Wednesday’s 97th edition of Italy’s oldest classic, Milan–Turin, is almost certain to be won by a gifted climber. That’s because since 2012 the finish has been decided at the Basilica of Superga situated 1,460 feet (445 meters) above the center of Turin.
Words by John Wilcockson/Image by Yuzuru Sunada
What’s more, on reaching the city streets after 158 kilometers of racing, the riders turn left to tackle the near-5-kilometer climb not just once, but twice. It averages more than a 9-percent grade, with a steepest pitch at 14 percent. No wonder the names of the past four winners are Alberto Contador, Diego Ulissi, Giampaolo Caruso and Diego Rosa—all very strong climbers.
This current version of Milan–Turin is very different from the first edition in 1876 (that’s 140 years ago!), when eight riders on velocipedes (also called “boneshakers”) started in Milan and only four completed the 150-kilometer journey in some 11 hours.

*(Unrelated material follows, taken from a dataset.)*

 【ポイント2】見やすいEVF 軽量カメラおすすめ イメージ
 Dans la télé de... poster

The winner was a zoologist and explorer, Liceo Parini, who was cheered home by a crowd of 10,000. This happened seven years after Englishman James Moore won the world’s first point-to-point velocipede race, the 123-kilometer Paris–Rouen, in just under 11 hours.

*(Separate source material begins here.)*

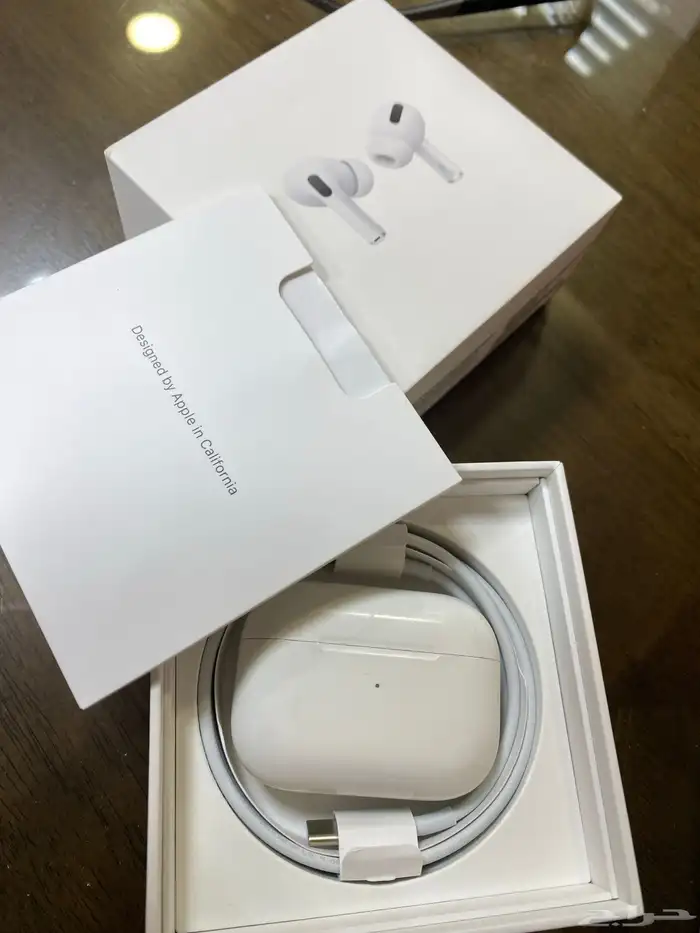 سماعات ابل برو اصليه 0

On Wednesday, the peloton is scheduled to complete the flat opening 150 kilometers in three and a half hours before the mountainous finale to the186-kilometer classic. Perhaps the top finishers will be similar to last year’s when Team Astana’s Rosa attacked halfway up the final climb and was exhilarated by his victory (this image) by 16 seconds from Tinkoff’s Rafal Majka, with his Astana teammate Fabio Aru in third at 18 seconds. Those three will likely be challenged this year by AG2R la Mondiale’s Romain Bardet and Team Sky’s Wout Poels. It’s become a very different race since men such as Giuseppe Saronni, Francesco Moser and Phil Anderson were winning Milan–Turin in the 1980s.